Kieran swept sheet music from the piano and moved to demolish another book arrangement, the sound of papers rustling adding a randomized texture that a studio production could never achieve.
He sang toward the ceiling first, his arms spread wide like someone addressing the divine, then turned that devastating gaze directly into the camera lens:
“Every book I ever was; Is just a ghost of what you thought you wanted;
When you asked me to unfold.
You didn’t like what you saw in the margins;
So you banned the book,
Banned the book—”
But halfway through, something shifted. Instead of moving to the next book stack, Kieran looked down at his hands with pure disgust. He pulled the guitar over his head and began smashing it against the hardwood floor in perfect rhythm with Vale’s continued playing.
He sang while destroying his instrument, each impact landing perfectly with the beat, wood splintering and strings snapping but his voice never faltered,
“Took a torch to my collection,
Burned my sections, burned my nook,
Now I’m holding ashes, holding ashes, holding ashes—”

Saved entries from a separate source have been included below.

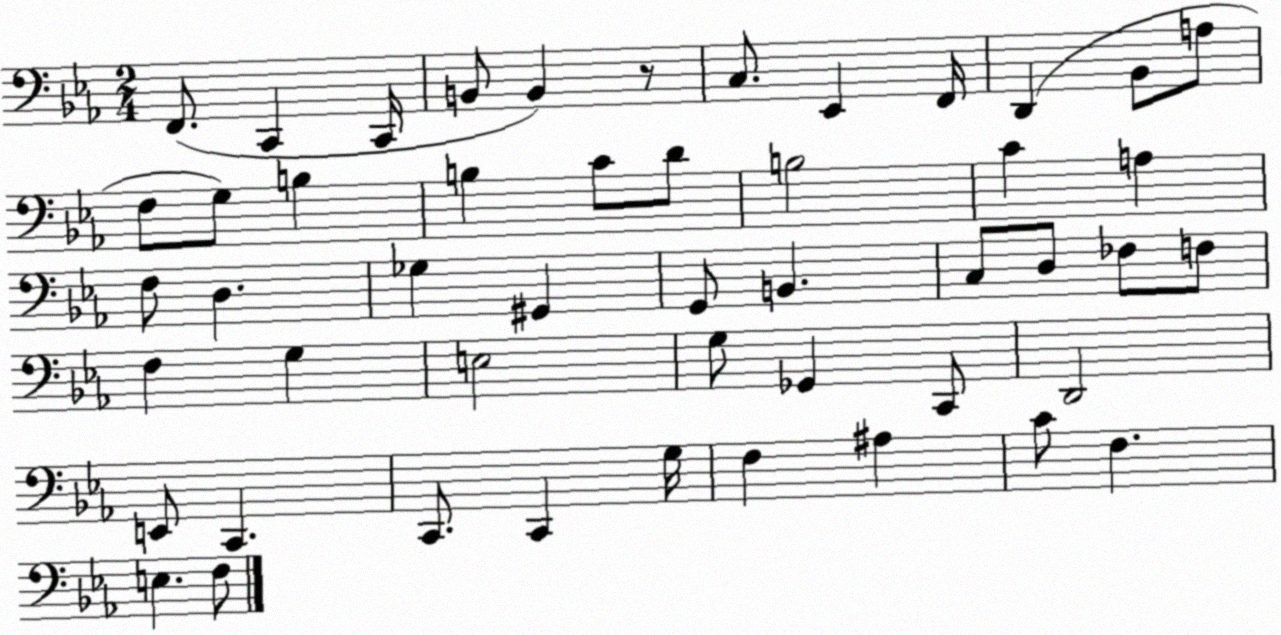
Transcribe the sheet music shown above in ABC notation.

X:1
T:Untitled
M:2/4
L:1/4
K:Eb
F,,/2 C,, C,,/4 B,,/2 B,, z/2 C,/2 _E,, F,,/4 D,, _B,,/2 A,/2 F,/2 G,/2 B, B, C/2 D/2 B,2 C A, F,/2 D, _G, ^G,, G,,/2 B,, C,/2 D,/2 _F,/2 F,/2 F, G, E,2 G,/2 _G,, C,,/2 D,,2 E,,/2 C,, C,,/2 C,, G,/4 F, ^A, C/2 F, E, F,/2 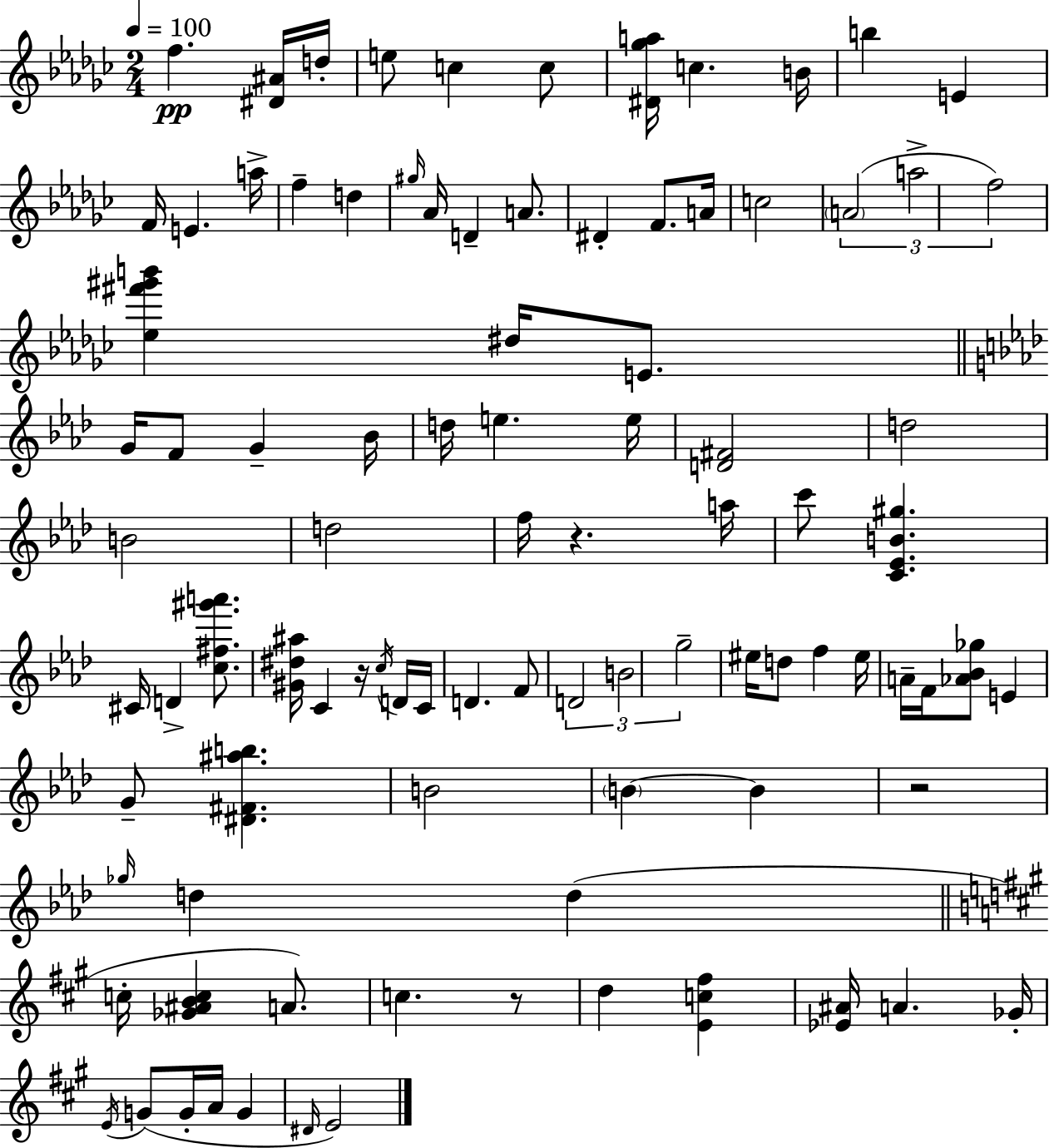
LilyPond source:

{
  \clef treble
  \numericTimeSignature
  \time 2/4
  \key ees \minor
  \tempo 4 = 100
  f''4.\pp <dis' ais'>16 d''16-. | e''8 c''4 c''8 | <dis' ges'' a''>16 c''4. b'16 | b''4 e'4 | \break f'16 e'4. a''16-> | f''4-- d''4 | \grace { gis''16 } aes'16 d'4-- a'8. | dis'4-. f'8. | \break a'16 c''2 | \tuplet 3/2 { \parenthesize a'2( | a''2-> | f''2) } | \break <ees'' fis''' gis''' b'''>4 dis''16 e'8. | \bar "||" \break \key f \minor g'16 f'8 g'4-- bes'16 | d''16 e''4. e''16 | <d' fis'>2 | d''2 | \break b'2 | d''2 | f''16 r4. a''16 | c'''8 <c' ees' b' gis''>4. | \break cis'16 d'4-> <c'' fis'' gis''' a'''>8. | <gis' dis'' ais''>16 c'4 r16 \acciaccatura { c''16 } d'16 | c'16 d'4. f'8 | \tuplet 3/2 { d'2 | \break b'2 | g''2-- } | eis''16 d''8 f''4 | eis''16 a'16-- f'16 <aes' bes' ges''>8 e'4 | \break g'8-- <dis' fis' ais'' b''>4. | b'2 | \parenthesize b'4~~ b'4 | r2 | \break \grace { ges''16 } d''4 d''4( | \bar "||" \break \key a \major c''16-. <ges' ais' b' c''>4 a'8.) | c''4. r8 | d''4 <e' c'' fis''>4 | <ees' ais'>16 a'4. ges'16-. | \break \acciaccatura { e'16 } g'8( g'16-. a'16 g'4 | \grace { dis'16 } e'2) | \bar "|."
}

The repetition became obsessive, hypnotic, each shattered piece of that guitar was a piece of himself Kieran was willing to destroy for this moment—rage given physical form, fury made visible.
Vale played the soft outro, watching in awe as Kieran—eyes red-rimmed with fury and exhaustion, stumbled forward and grabbed the sides of Eliza’s camera, startling her as he pulled himself close to whisper the final lines like a man gone mad:
“Take a look, take a look, take a look,
Did you take a look?
At what’s left when the smoke clears?
Just the reader,
Just the reader...
Just the fear.”
He dropped to his knees among the wreckage of his instrument like someone whose rage had finally burned through every support structure.
“Cut!” Eliza breathed, hitting a button on her camera.
Vale moved before conscious thought engaged, ripping off the mesh mask as he reached Kieran’s side. His arms wrapped around the shaking boy, pulling him close while surveying the destruction they’d captured together.
“Perfect,” Vale whispered against Kieran’s hair, smoothing the dark strands back from his flushed face. “That was absolutely perfect.”
Kieran just stared at the remains of his guitar—strings snapped, neck cracked, wood scattered across hardwood like the aftermath of inevitable violence. His breathing was ragged, his chest heaving beneath gauze wrapping, and Vale could feel the tremors running through him.
“You were magnificent,” Vale continued, pressing a kiss to Kieran’s forehead. “Every word, every movement, every moment of rage. They’ll never question you after this.”
Eliza packed up her equipment with very little fanfare, already moving forward because that was what vultures did—they took what they could and kept flying.
Kieran’s hands clutched at Vale’s shirt as the first sob tore from his throat, and Vale wondered if his beautiful boy was seeking comfort or trying to push the architect of his breaking away.
The distinction didn’t matter. He’d live inside the glass house that was Kieran and shatter him every day for the privilege of piecing him back together with bloody fingers, satisfied with the knowledge that his DNA lived in the cracks.
The guitar lay in pieces around them like a sacrifice accepted by gods who demanded blood or bone and got both wrapped in white gauze, captured in perfect 4K resolution.